▸ **TASK DIRECTIONS**
Among the lines below, restate word for word only those from the line with "Petrol+cng Kwid Car" through the line with "Apliques de pared: iluminación", with both end lines kept.
= = =
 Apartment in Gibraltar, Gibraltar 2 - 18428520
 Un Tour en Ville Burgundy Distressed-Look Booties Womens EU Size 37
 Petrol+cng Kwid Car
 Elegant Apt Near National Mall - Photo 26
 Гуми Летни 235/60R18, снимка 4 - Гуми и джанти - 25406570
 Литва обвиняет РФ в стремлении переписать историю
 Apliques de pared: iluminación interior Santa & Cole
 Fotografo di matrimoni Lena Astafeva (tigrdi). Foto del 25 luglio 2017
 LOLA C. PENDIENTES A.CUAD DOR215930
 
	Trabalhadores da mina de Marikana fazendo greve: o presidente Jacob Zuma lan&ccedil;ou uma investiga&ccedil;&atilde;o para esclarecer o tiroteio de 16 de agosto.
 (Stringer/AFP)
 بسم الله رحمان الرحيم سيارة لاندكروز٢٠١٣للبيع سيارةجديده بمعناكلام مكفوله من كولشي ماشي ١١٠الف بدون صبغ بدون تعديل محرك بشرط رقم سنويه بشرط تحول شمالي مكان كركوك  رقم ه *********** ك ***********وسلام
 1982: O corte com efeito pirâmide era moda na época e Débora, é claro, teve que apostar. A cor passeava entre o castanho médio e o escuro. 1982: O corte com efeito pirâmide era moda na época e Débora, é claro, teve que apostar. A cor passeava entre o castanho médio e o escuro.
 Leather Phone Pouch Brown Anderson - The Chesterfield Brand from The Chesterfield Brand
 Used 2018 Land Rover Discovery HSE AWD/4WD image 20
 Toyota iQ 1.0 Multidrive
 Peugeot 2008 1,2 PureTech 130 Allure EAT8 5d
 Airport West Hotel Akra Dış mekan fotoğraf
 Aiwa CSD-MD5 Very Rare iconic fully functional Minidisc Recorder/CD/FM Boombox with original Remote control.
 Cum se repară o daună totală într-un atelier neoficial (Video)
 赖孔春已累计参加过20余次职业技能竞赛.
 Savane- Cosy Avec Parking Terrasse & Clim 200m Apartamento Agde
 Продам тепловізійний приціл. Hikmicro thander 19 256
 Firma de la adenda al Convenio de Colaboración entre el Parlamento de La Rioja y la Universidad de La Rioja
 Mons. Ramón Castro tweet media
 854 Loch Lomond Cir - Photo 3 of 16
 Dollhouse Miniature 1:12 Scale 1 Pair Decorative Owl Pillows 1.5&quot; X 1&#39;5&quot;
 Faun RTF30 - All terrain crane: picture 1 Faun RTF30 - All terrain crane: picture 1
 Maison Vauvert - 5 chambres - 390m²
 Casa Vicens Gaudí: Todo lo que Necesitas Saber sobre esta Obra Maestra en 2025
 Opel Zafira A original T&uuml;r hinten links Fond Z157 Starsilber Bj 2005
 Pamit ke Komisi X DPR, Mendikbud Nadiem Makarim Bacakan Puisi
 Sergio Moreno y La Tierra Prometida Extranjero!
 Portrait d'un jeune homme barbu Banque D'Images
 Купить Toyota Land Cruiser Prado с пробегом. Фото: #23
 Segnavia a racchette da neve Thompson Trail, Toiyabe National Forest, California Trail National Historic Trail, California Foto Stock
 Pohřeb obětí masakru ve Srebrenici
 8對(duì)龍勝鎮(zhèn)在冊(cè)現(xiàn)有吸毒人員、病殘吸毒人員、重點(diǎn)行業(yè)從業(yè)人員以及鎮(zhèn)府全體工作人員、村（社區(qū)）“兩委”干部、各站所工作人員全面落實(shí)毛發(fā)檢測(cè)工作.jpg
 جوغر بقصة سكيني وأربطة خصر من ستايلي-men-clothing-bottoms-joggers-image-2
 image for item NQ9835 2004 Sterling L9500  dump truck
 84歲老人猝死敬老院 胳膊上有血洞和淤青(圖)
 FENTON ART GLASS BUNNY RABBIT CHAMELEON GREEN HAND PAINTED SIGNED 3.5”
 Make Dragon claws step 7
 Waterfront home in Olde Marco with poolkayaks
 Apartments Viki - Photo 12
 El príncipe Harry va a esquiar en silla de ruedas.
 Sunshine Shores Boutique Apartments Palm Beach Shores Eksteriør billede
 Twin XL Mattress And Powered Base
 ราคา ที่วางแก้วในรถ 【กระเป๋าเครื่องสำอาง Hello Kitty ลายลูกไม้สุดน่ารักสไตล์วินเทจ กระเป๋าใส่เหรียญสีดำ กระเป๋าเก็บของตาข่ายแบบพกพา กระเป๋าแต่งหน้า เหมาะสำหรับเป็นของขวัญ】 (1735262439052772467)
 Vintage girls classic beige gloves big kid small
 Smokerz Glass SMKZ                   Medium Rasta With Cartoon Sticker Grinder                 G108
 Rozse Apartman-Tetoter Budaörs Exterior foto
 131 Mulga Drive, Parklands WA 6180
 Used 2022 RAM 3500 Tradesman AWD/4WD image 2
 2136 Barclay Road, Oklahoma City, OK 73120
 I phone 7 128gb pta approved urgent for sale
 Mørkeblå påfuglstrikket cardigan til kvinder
= = =
▸ **YOUR RESPONSE**
 Petrol+cng Kwid Car
 Elegant Apt Near National Mall - Photo 26
 Гуми Летни 235/60R18, снимка 4 - Гуми и джанти - 25406570
 Литва обвиняет РФ в стремлении переписать историю
 Apliques de pared: iluminación interior Santa & Cole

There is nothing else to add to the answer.